Australian Defence Force Ensign
- Use: Other
- Proportion: 1:2
- Adopted: 1969 (as the Joint Services Flag); 14 April 2000 (as the Australian Defence Force Ensign);
- Design: A vertical tricolour of dark blue, red and light blue, charged with the emblem of the Australian Defence Force in yellow

= Australian Defence Force Ensign =

Flag representing the Australian Defence Force

The Australian Defence Force Ensign is a flag of Australia which represents the tri-service Australian Defence Force. The design was formally recognised by the Australian Government as a flag of Australia with an amendment to the Flags Act 1953 passed on 14 April 2000.
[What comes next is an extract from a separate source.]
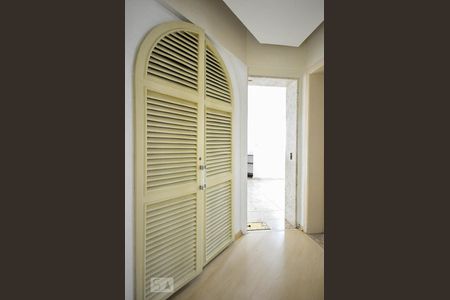 Apartamento à venda com 136m², 2 quartos e 2 vagas Apartamento à venda com 136m², 2 quartos e 2 vagasCorredor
The Navy and Air Force also have individual ensigns: the Royal Australian Navy Ensign and the Royal Australian Air Force Ensign. The Army has historically used the Flag of Australia. The Defence Ensign is supposed to be used in the case of joint activities. It is made up of three vertical bands: dark blue, red and light blue, representing the Navy, Army and Air Force respectively. In the centre is a large joint services emblem in yellow. This emblem features an anchor, crossed swords and a wedge-tailed eagle with wings outstretched combined above a boomerang and below a crest featuring a seven pointed Commonwealth Star. The flag is similar to that of the United Kingdom's Ministry of Defence, first utilised in 1956 and is a common colour-scheme in British-aligned territories, used by fellow Commonwealth members such as Cyprus, India, Kenya and Nigeria.

The rank flags of staff with joint services commands, such as the Chief of the Defence Force and the Minister for Defence, are derived from the Defence Force Ensign.

== History ==

UK Unified Commanders-in-Chief badge, upon which the joint services flag was based

The emblem on the Defence Force Emblem derives from the emblem of the Chief of Staffs Committee. This emblem was first adopted in 1958, as an adaptation of the UK counterpart (the Unified Commanders-in-Chief), with a wedge tailed eagle replacing the generic one. In 1968, the emblem was incorporated into the new joint services flag for use in the Vietnam War, with the further modification of the replacement of the Crown replaced with a Commonwealth Star. This was originally proposed in 1958 by General Sir John Wilton, who wished for a more distinctively Australian symbol, and was opposed by some who wished to continue the tradition of expressing the services loyalty to the Crown. This emblem was also in corporate settings and on the Defence Long Service Medal.

In 2000, the joint services flag was gazetted as the Australian Defence Force Ensign.